In the 1990s, Chapel Hill town staff noticed an uptick in new building permits issued in the Northside neighborhood — it went from two issued in 1997 to 16 issued in 1998.

And then it was out of control.

Investors were buying single-family homes in the Northside neighborhood and converting them into housing for students who could often afford to pay upward of $500 per bedroom — pricing out many of the longtime residents.

In the decade leading up to 2010, 20- to 24-year-olds went from making up 34 percent of the population of the Northside neighborhood to making up more than half of the historically black, low-income neighborhood that stretches between North Columbia and Lloyd streets along the north side of Rosemary Street.

For many college students, the ultimate sign of adulthood is leaving the comforts of the residence halls to the freedom of an off-campus house or apartment.

But there might be unintended consequences of moving off campus.

“Over the course of the last few decades, the changing demographics show a high displacement of African-American and long-term residents and a sharp increase of student rentals,” said Hudson Vaughan, director of programs at The Marian Cheek Jackson Center, a group that works to preserve the history of the Northside neighborhood.

In the 10 years after 2000, the black population decreased by almost 25 percent to fewer than 700 people.

“Long-term residents are greatly challenged when houses are over-occupied by students, and the houses ... don’t recognize and respect the neighborhood,” Vaughan said.

“The best way to fix this is both to maintain a balance of student and long-term residents and for the student houses that are in the neighborhood to be occupied by students who want to live in a neighborhood of connectivity, respect, history and diverse families who want to be in relationship with their neighbors.”

For a long time, Chapel Hill had to play catch-up.

The Chapel Hill Town Council approved the creation of a Northside Neighborhood Conservation District in February 2004. The district gave the council the ability to impose special rules on the Northside neighborhood.

The Town Council quickly began working on enacting laws that said residents could park no more than four cars at their Northside homes. This, on top of the town’s existing rule that wouldn’t allow more than four unrelated people to live in a home together, drew criticism from student renters.

During the 2013-14 academic year, students started a petition against the town’s occupancy rules. The petition was unrecognized by Town Council members, who said they still prioritize preserving the neighborhood’s historic character.

“Your stereotypical example of gentrification is of a big, urban neighborhood that’s gone through several decades of disinvestment to the point where prices are very low,” said Michael Webb, a research associate for the Center for Urban and Regional Studies.

“Typically, you don’t see it in college towns like Chapel Hill because they’re smaller.
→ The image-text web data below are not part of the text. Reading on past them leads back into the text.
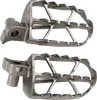 Moose ND Series Stainless Steel Footpeg Pair .5in Offset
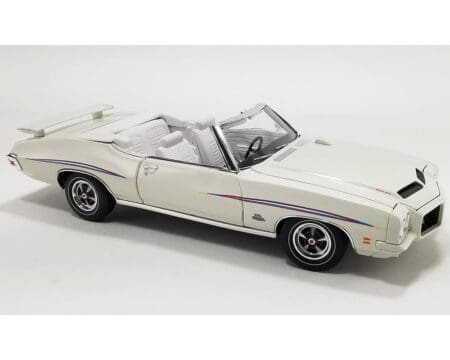 ACME 1:18 1971 Pontiac GTO Judge Convertible - White - Last Judge Built - Limited Edition - Image 3
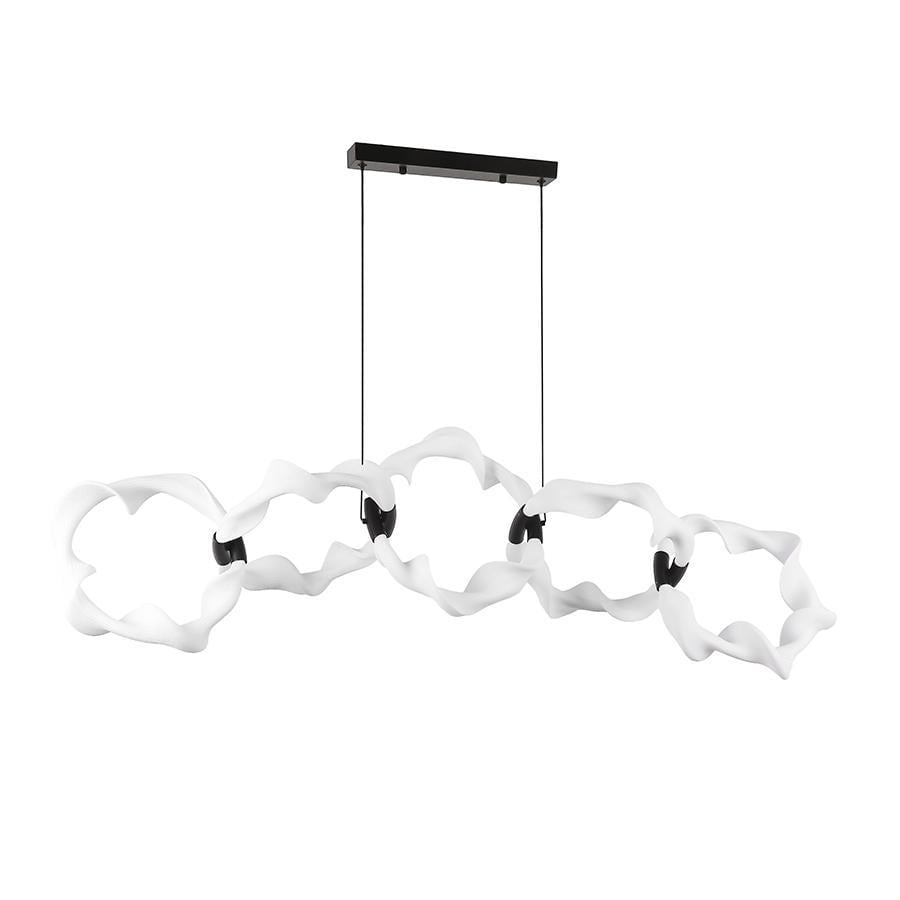 Люстра підвісна LED Levistella 7813170-5 BK Чорний (LVS6129)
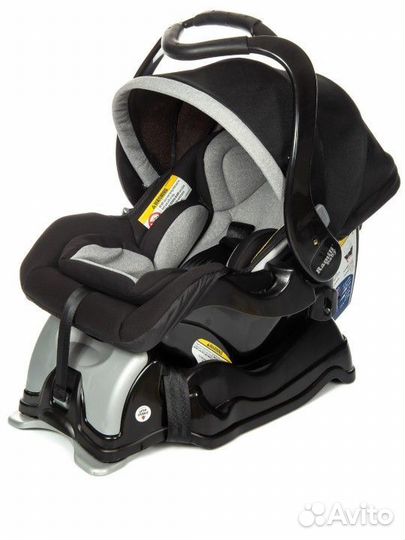 Автокресло с базой Latch Isofix + зеркало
They ... often times don’t have the housing associated with gentrification.”

The town isn’t alone in battling students’ sprawl into historic neighborhoods across Chapel Hill.

In 2012, the University announced it would spend up to $210,000 to study the impact students have on the Northside neighborhood. And the University’s Office of Fraternity & Sorority Life and Community Involvement has long tried to better educate students about the effect they can have on longtime residents.

“Our hope for the future of the Northside neighborhood is the full implementation of the Northside and Pine Knolls Community Plan,” said Sarah Vinas, a planner in the town’s office of housing and community.

“(The community plan) is a collaborative action plan that articulates specific solutions to community issues, like affordable housing, cultural preservation, enforcement and parking.”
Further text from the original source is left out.